Biden certainly appears to be getting some kind of treatment for something. We won’t know what it is for years, of course. 

Online speculation has suggested Biden might be getting Donepezil, a medicine administered orally daily or by patch. 

It’s used to slow the inevitable effects of dementia associated with Alzheimer’s disease. Its goal is to reduce confusion, improve awareness, memory, and the ability to function in daily life, exactly what Biden needs.

However, Donepezil does not always work, according to doctors and family members interviewed, and its benefits are temporary.

And like all medicines, Donepezil has side effects. The major side effect, according to the Mayo Clinic, is diarrhea. Other side effects can include unusual fatigue and weakness, drowsiness, unsteadiness, blurred vision, and loss of bladder and bowel control. 

At this month’s D-Day memorial ceremony, Biden appeared to start sitting down. But he stopped halfway, waited, then said something to his wife, who then escorted him away before the event ended.

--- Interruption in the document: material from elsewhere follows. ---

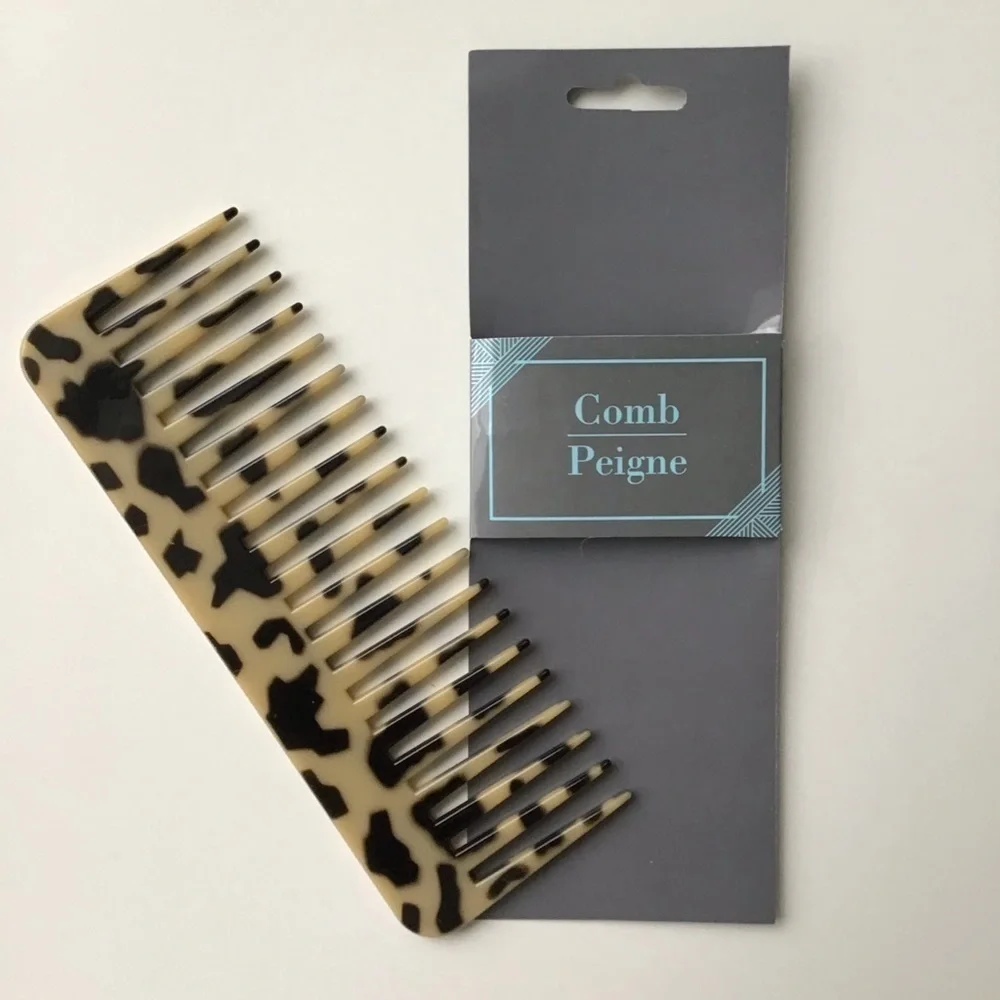NEW Tortoise-Look Comb Wide Tooth Hair Detangler Vanity Purse Gym Bag Beach
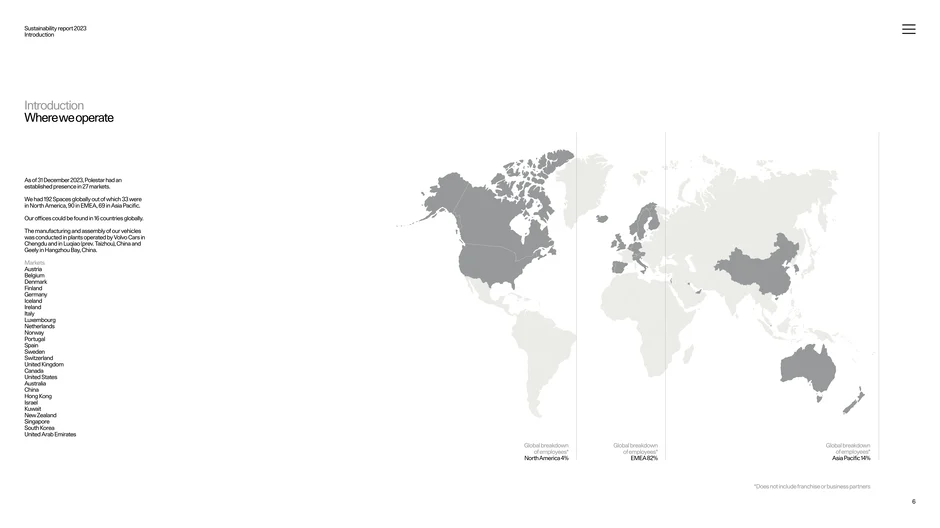 Polestar's global market presence in 27 countries and manufacturing locations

At the G-7 meeting in Italy last week, participants said Biden appeared unfocused. At one event, as I reported in a recent column, Biden wandered off from other leaders as if he heard an ice cream truck.

It’s still a good while until the voting. Much can still happen before Nov. 5. Even with party conventions approaching in mid-July and late August, Americans tend to tune out politics in these peak vacation times.

I have written previously of my personal surprise if, given the accumulating negative evidence and polls, Democrats actually proceed with a Biden renomination two months from now.

Given that same encouraging evidence for Republicans, voters and media supporting Trump often act as if a Trump victory is almost a given. It is not.

True, Joe Biden’s job approval on all major issues, especially the economy and immigration, has been and remains deeply underwater. And no incumbent president since 1948 has won reelection with an overall job approval mired in the thirties.

The problem is polling, It’s indicative of late June, of course, not predictive of early November. But the results have been and remain quite close for either side to presume victory. 

The latest RealClearPolitics average nationally is a virtual tie, with Trump holding a minute lead, 46.1 to 45.2. 

What matters in reality, however, are swing states. The RealClear average in seven of those has Trump ahead with the same numbers and slim margin.

Four years ago, on this same date, Biden held a swing state lead of 9.8 points. He actually won them by 4.5 points. 

Eight years ago, on this same date, Hillary Clinton led in them by 5.8 points. She did win the popular vote by 2.1 points. But she took several typically Democrat states for granted. Trump didn't. And his votes came in just the right states to capture the Electoral College, 304 to 227.

So, polls can be wrong. Respondents can lie. They can change their mind. Which at the end here brings us full circle to the beginning of this column: 

Thursday’s debate is crucial in these polarized times. Trump loyalists will believe he won no matter what happens. Trump haters will predictably approve of Biden’s winning performance.

Millions of potential voters who do not watch or listen will get their impressions in the aftermath from friends or seeing snippets online.

Unless, of course, something unexpected happens. Which, as they say in football, is why they play the game.